There are three theories as to the origin of cigar bands, all of which are incorrect:
Russian empress Catherine the Great was a heavy smoker. She demanded a silk lining be put on her cigars to keep them from staining her fingers. At the time, silk was used to bundle cigars together, but it was never used for individual wrapping.
Cubans put bands on cigars for nineteenth-century English smokers who didn't want to stain their white gloves. England wasn't a big market at the time, and paintings from the period show people smoking bare-handed.
Cheap cigars need the bands placed on them because they were poorly wrapped. Bands were used on a wide range of cigars, and even poor-quality ones would hold together on their own.
The real reason bands were added to cigars was to help market them.
In the mid-1800's most cigars were made in Germany, with a few luxury cigars making their way to Europe. Realizing they could sell cigars for higher prices, these local manufacturers flooded the market with counterfeit Cuban cigars. Frustrated by the knock-offs, Don Francisco Cabaņas started adding hand-signed bands to his cigars to make them easily identifiable as genuine Cuban cigars.

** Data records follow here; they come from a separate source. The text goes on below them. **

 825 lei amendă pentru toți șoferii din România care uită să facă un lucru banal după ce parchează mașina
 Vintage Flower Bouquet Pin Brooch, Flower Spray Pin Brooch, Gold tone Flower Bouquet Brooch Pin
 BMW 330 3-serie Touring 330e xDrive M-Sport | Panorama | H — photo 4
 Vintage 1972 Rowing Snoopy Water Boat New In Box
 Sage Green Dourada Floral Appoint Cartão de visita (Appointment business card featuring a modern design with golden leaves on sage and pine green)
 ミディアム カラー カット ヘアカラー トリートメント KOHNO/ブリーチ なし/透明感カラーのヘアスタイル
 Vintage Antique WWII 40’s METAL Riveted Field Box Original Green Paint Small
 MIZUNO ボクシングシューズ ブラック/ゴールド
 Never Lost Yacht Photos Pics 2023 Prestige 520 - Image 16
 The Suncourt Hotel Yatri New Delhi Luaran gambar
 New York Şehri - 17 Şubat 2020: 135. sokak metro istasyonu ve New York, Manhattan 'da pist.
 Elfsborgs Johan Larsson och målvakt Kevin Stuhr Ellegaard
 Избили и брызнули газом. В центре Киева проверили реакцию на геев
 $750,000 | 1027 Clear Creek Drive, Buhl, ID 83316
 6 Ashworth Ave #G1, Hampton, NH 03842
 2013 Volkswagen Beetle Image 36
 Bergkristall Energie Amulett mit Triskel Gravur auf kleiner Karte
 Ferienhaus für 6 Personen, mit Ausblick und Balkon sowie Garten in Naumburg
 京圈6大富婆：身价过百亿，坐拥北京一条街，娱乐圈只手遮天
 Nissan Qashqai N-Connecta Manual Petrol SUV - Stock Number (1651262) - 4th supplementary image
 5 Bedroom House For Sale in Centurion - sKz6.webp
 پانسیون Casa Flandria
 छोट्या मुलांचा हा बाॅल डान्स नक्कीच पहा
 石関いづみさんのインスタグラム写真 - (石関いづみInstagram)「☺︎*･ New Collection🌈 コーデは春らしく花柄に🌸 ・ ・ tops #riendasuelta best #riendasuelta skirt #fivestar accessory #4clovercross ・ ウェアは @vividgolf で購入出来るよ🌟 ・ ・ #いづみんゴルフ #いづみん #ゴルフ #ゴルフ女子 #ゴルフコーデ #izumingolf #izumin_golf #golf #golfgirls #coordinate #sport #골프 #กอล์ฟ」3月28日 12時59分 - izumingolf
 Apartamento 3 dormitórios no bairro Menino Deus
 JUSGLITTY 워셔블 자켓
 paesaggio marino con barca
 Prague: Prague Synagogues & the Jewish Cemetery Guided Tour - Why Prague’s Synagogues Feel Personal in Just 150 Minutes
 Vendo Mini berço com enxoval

The practice would become widespread a few years later. At the start of the 20th century, cigar smoking was hugely popular in America. Printing costs had declined, making it feasible for local manufacturers to put bands on their products. This started a collector craze, boosted by promotions where smokers could send in their bands for merchandise ranging from baseballs to dining tables. It's thought the term "guttersnipe," which in England referred to poor children digging through ditches for food, made its way to America to refer to children digging through ditches for cigar bands.